The Japanese military strategy of maximizing U.S. losses might not have worked anyway, because the Americans were developing alternatives to invading Japan. After its bloody conquest of Okinawa, the U.S. was shifting to a strategy of starving Japan into surrender, a tactic that would have cost many more civilian than military deaths as Japan’s army had already begun hoarding food supplies for just such an eventuality. Far more civilian lives could have been lost in an Allied naval blockade than died at Hiroshima and Nagasaki.

The development of the atomic bomb also is revealing about our changing attitude to trusting technology to solve major challenges. The Manhattan Project was conceived by Allied war leaders to help defeat the Axis powers, which it ultimately did. In 1961, President Kennedy promised to put a man on the moon years before the technology to do that existed. More recently, we put our faith in the technology of vaccines to end the COVID pandemic, just the latest instance in which modern medicine has contained or even eradicated diseases. In our everyday lives, we have quickly come to trust computers to manage everything from our work and social lives to our travel (all but seven minutes of the typical airplane flight is operated by computers, according to Kevin Kelly’s book, The Inevitable).

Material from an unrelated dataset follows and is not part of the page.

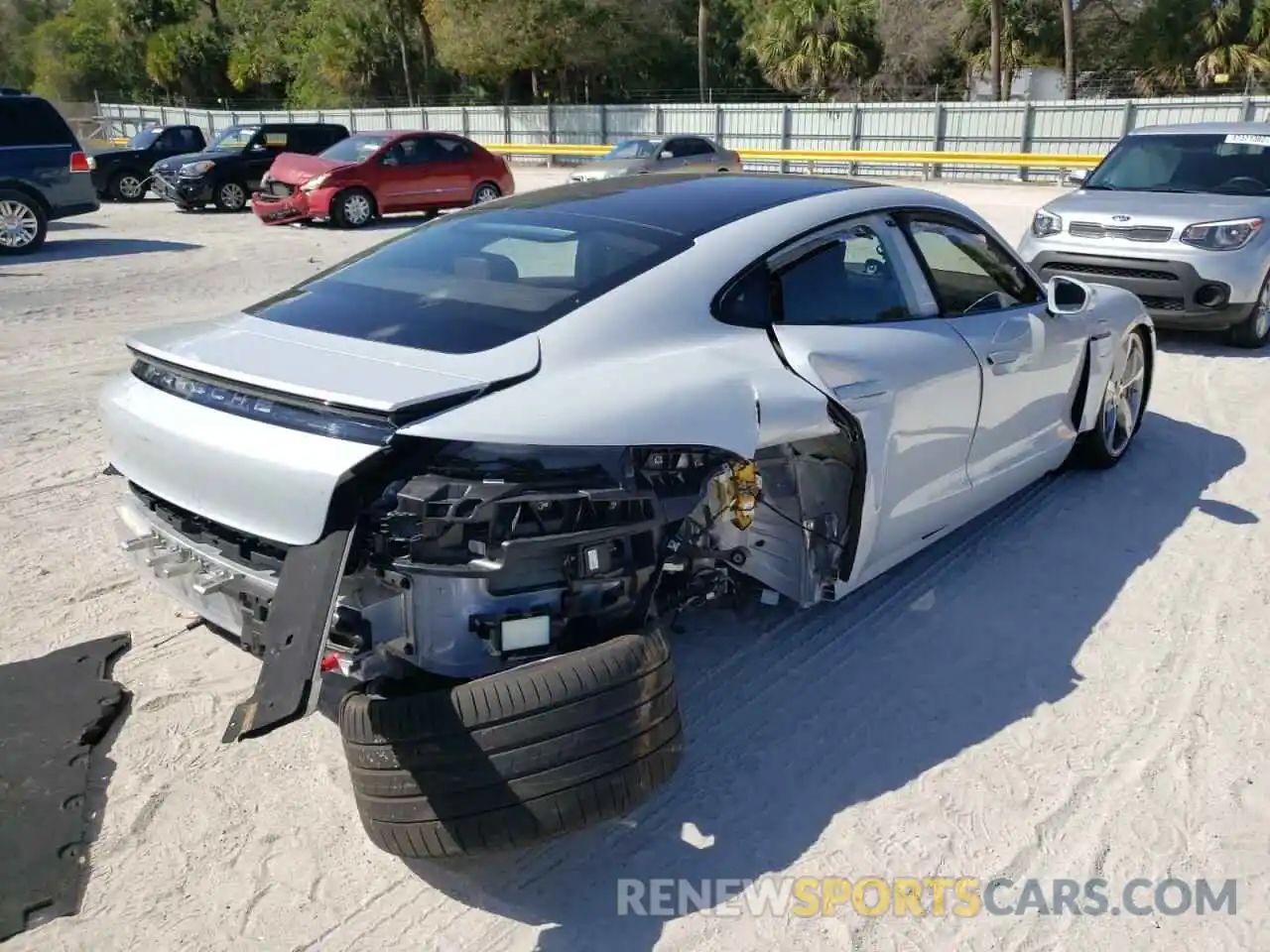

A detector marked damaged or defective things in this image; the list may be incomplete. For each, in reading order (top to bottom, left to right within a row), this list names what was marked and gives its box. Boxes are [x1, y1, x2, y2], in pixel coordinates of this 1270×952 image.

Yet when it comes to climate change, our society is reluctant to embrace technological solutions, which may in the end prove the only practical ones available. It seems increasingly clear that the cost of raising energy prices to achieve net-zero emissions is simply too high a price for most Canadians to pay. For example, a new Nanos Research poll for the University of Ottawa’s Positive Energy initiative found that Canadians ranked affordable energy as more important than reducing emissions. And of the 70 per cent of Canadians concerned about energy prices, nearly half rated their concern as “10” on a scale of 1 to 10.

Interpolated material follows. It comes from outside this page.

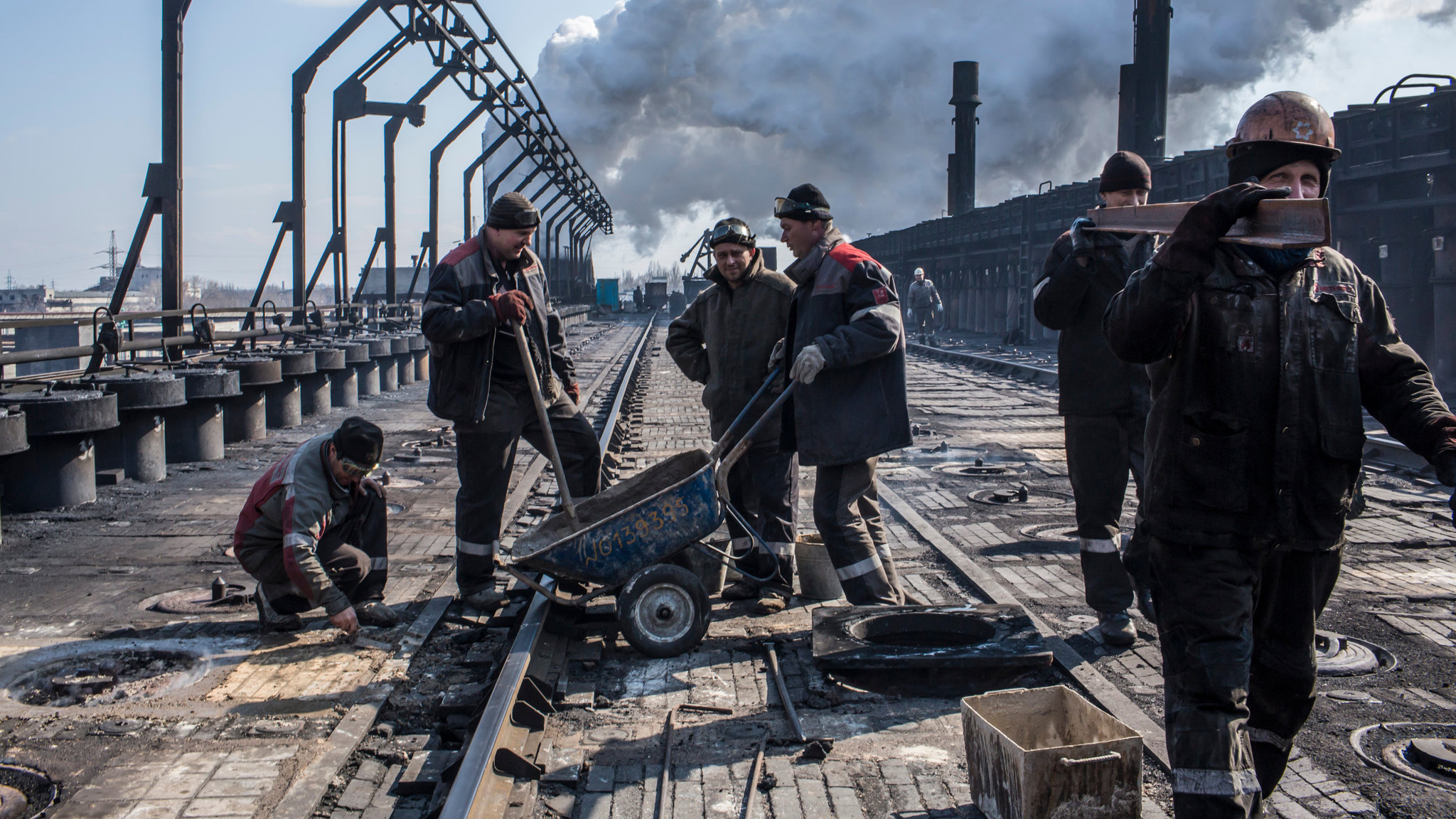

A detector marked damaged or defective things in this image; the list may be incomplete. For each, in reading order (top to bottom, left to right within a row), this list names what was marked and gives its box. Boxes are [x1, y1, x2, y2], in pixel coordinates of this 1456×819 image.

rusty metal box [960, 682, 1141, 815]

It is time our leaders stopped pretending climate change can be affected by mouthing “soporific, self-deluding eco-agitprop” as one wag put it, as if forcing consumers to give up plastic bags or switch to electric vehicles makes a big difference for the planet. The solution has to lie in technology, either with a cheap, emissions-free energy source or by capturing and neutralizing emissions or influencing global weather patterns.

Average people reject the wholesale reordering of their lifestyles imagined by environmentalists and unelected bureaucrats who would force Canadians to live in self-sustaining and isolated communities, venturing outside them only in public transit that is proving to be increasingly unreliable and unsafe.

People have the right to insist their leaders and the scientific community work on a technological solution to climate change. If we had faith in technology to split the atom to end World War II and curtail the COVID pandemic, we should also be confident it can find the solution to climate change.

Philip Cross is a senior fellow at the Macdonald-Laurier Institute.